## Required work
Pull out the lines from the one containing "image-VEVOR Industrial Pipe" through the final line of the listing below and repeat them exactly. Leave the pictures behind.
Data for processing START
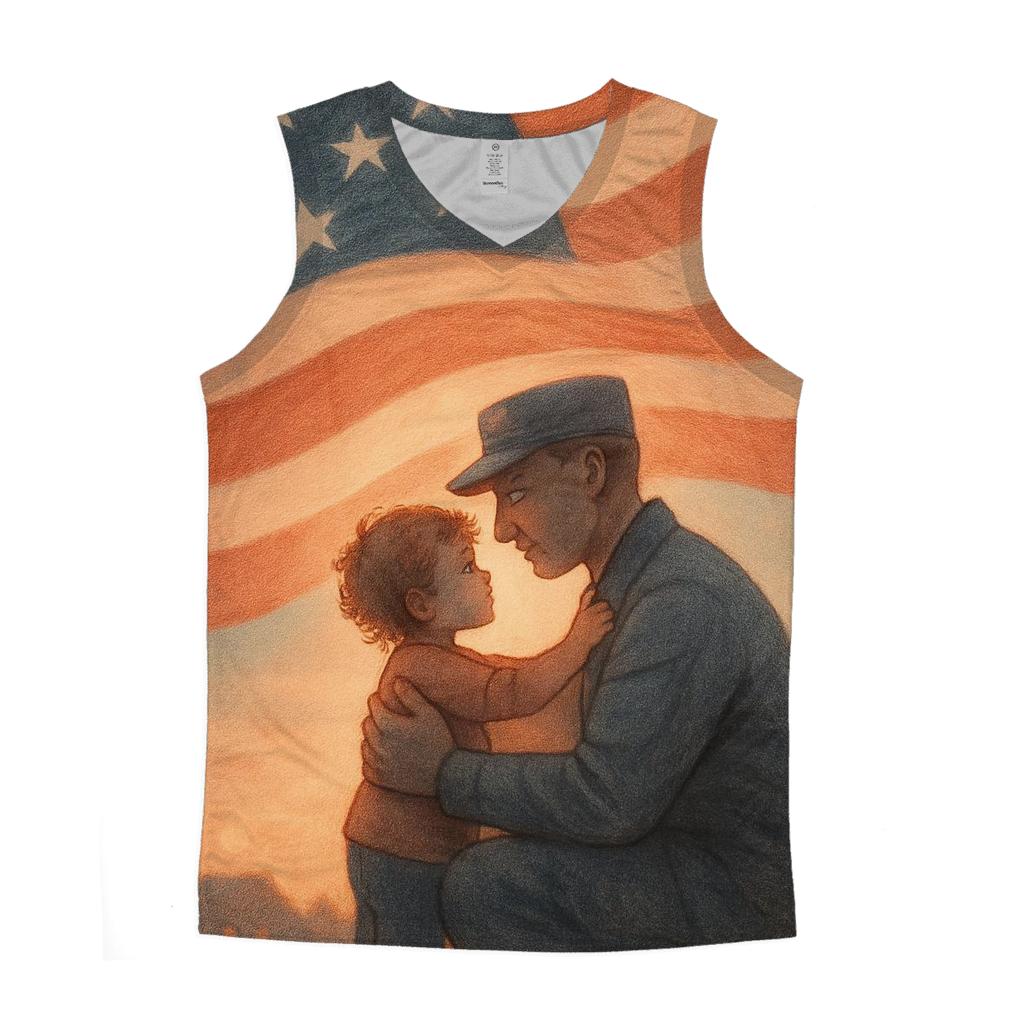 Homecoming Embrace Under Flag Sky cotton sleeveless tops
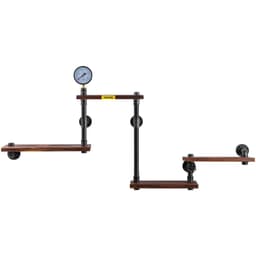 image-VEVOR Industrial Pipe Shelving, Pipe Shelves with 4-Tier Wood Planks, Rustic Floating Shelves Wall Mounted, Wall Shelf DIY Bookshelf for Bar Kitchen Bathroom Farmhouse Living Room, 51x25x9 inch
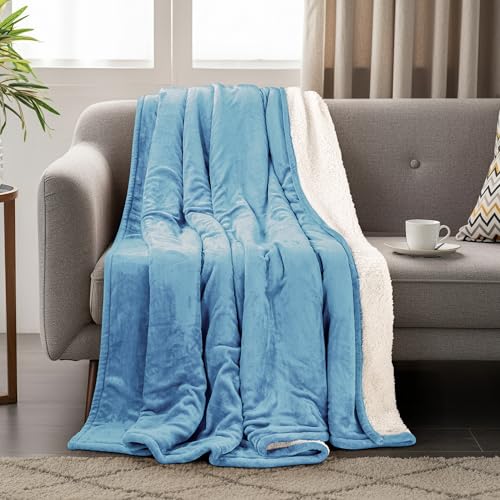 Utopia Bedding Plush Sherpa Blanket Throw Size Washed Blue, 50x60 Inch | Soft, Warm, Fleece, Bed, Sofa, Couch, Camping, Travel, Cozy, All Season - color: Washed Blue, size: Throw (50x60 Inch)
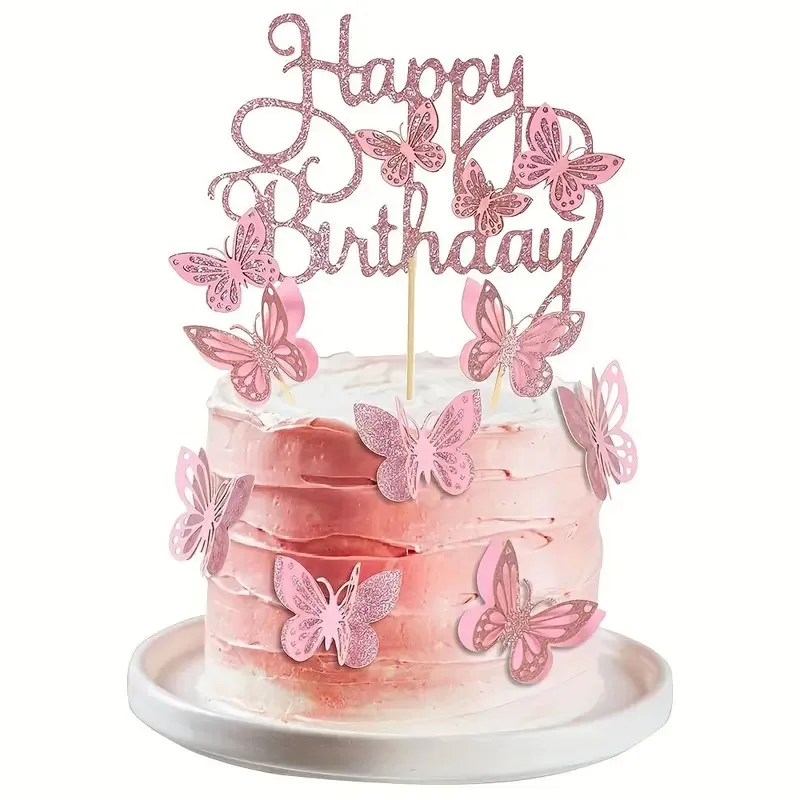 Glitter Butterfly Cake Toppers Set - 13pcs for Celebrations & Decorations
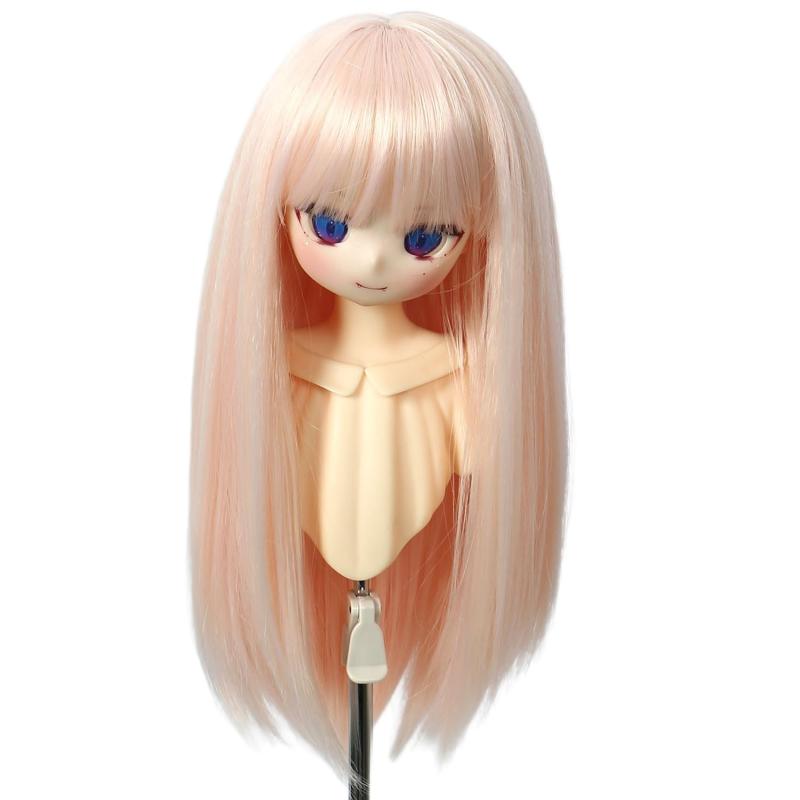 Linfairy 8~9inch 1/3 人形用 ロング ウィッグ ストレートのロングヘア (Pink Mixed)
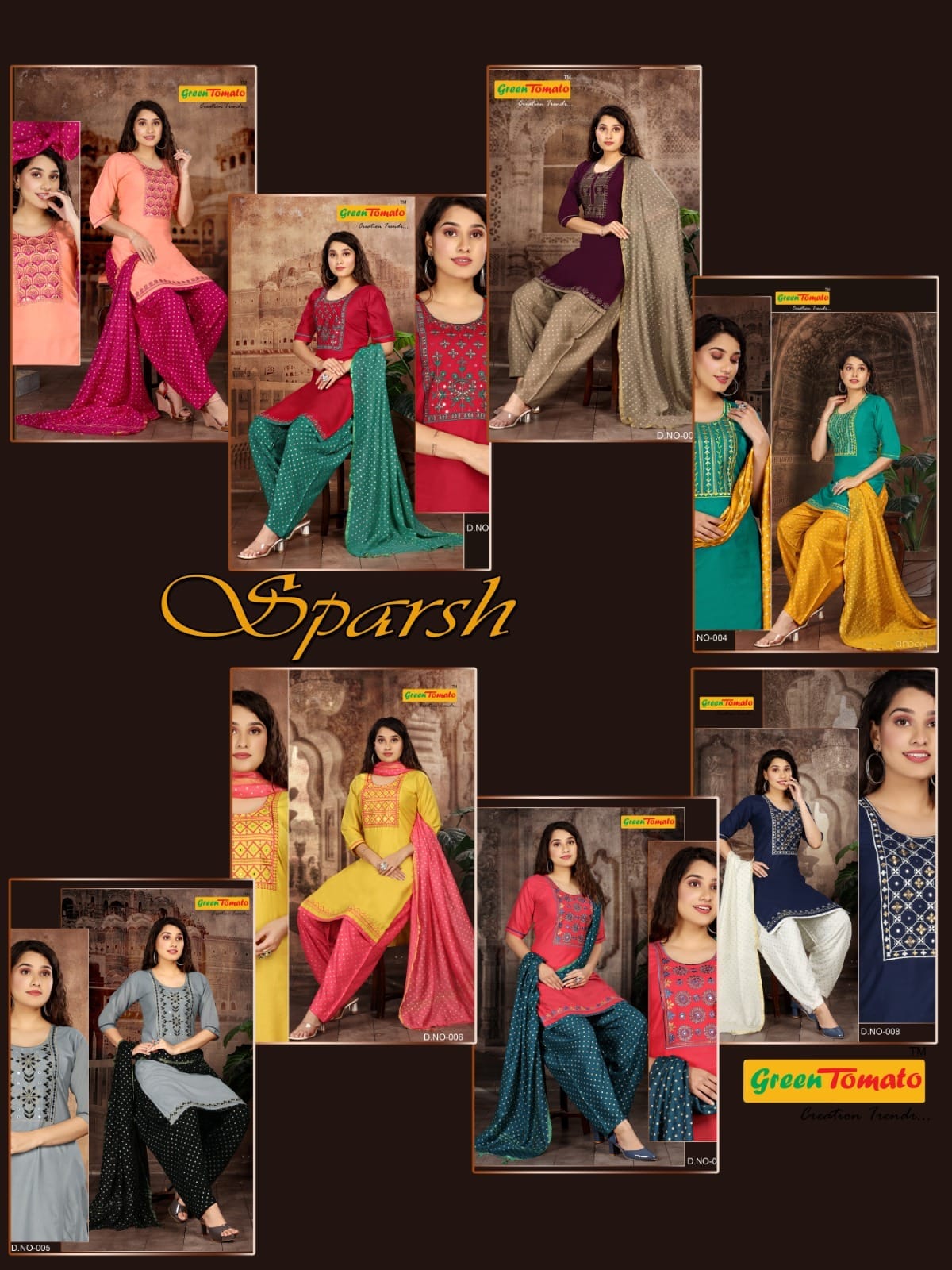 Sparsh Green Tomato Rayon Readymade Salwar Suits Supplier Ahmedabad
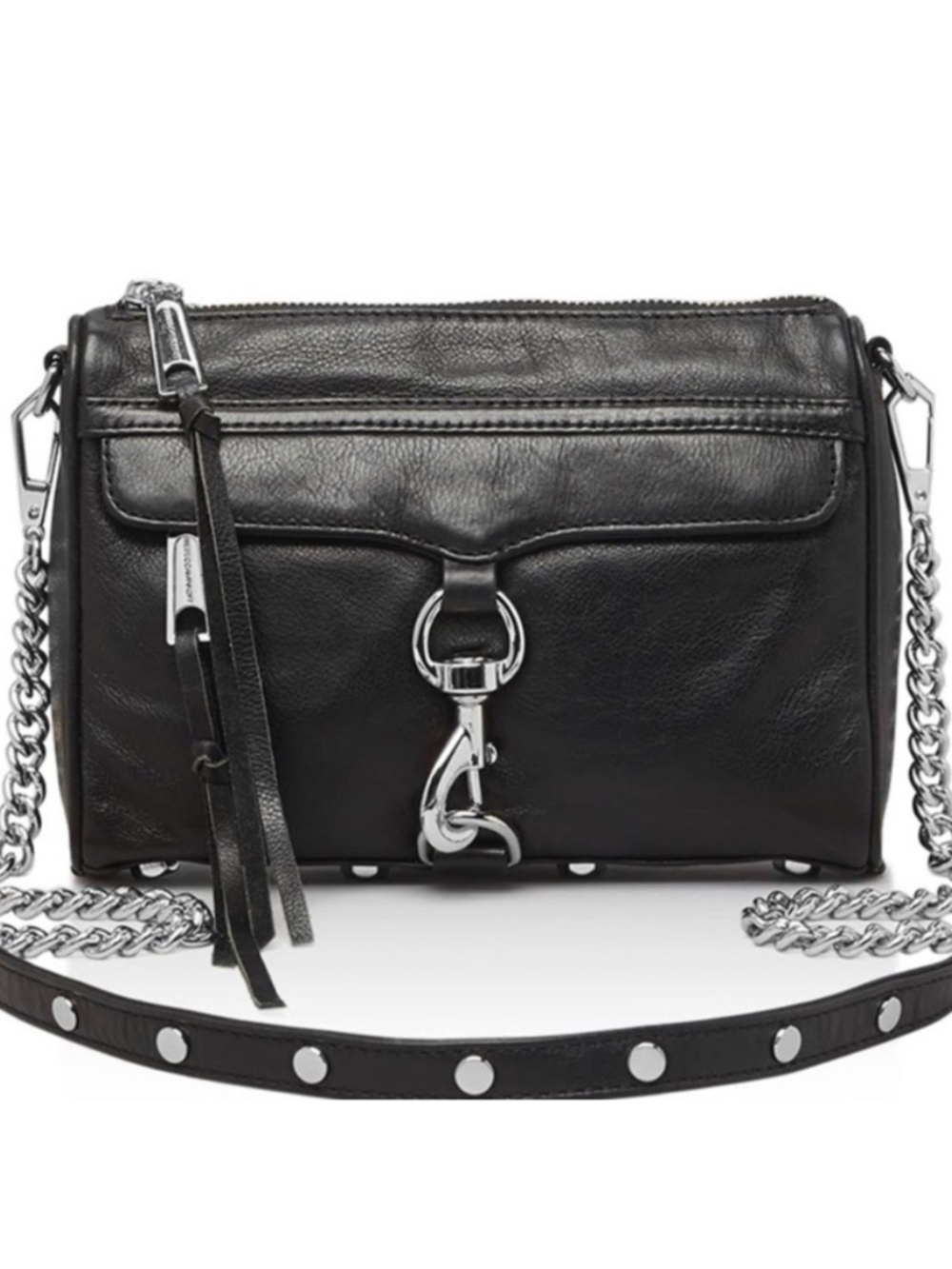 Rebecca minkoff leather crossbody purse with studs and chain strap black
Data for processing END
## Task solution
 image-VEVOR Industrial Pipe Shelving, Pipe Shelves with 4-Tier Wood Planks, Rustic Floating Shelves Wall Mounted, Wall Shelf DIY Bookshelf for Bar Kitchen Bathroom Farmhouse Living Room, 51x25x9 inch
 Utopia Bedding Plush Sherpa Blanket Throw Size Washed Blue, 50x60 Inch | Soft, Warm, Fleece, Bed, Sofa, Couch, Camping, Travel, Cozy, All Season - color: Washed Blue, size: Throw (50x60 Inch)
 Glitter Butterfly Cake Toppers Set - 13pcs for Celebrations & Decorations
 Linfairy 8~9inch 1/3 人形用 ロング ウィッグ ストレートのロングヘア (Pink Mixed)
 Sparsh Green Tomato Rayon Readymade Salwar Suits Supplier Ahmedabad
 Rebecca minkoff leather crossbody purse with studs and chain strap black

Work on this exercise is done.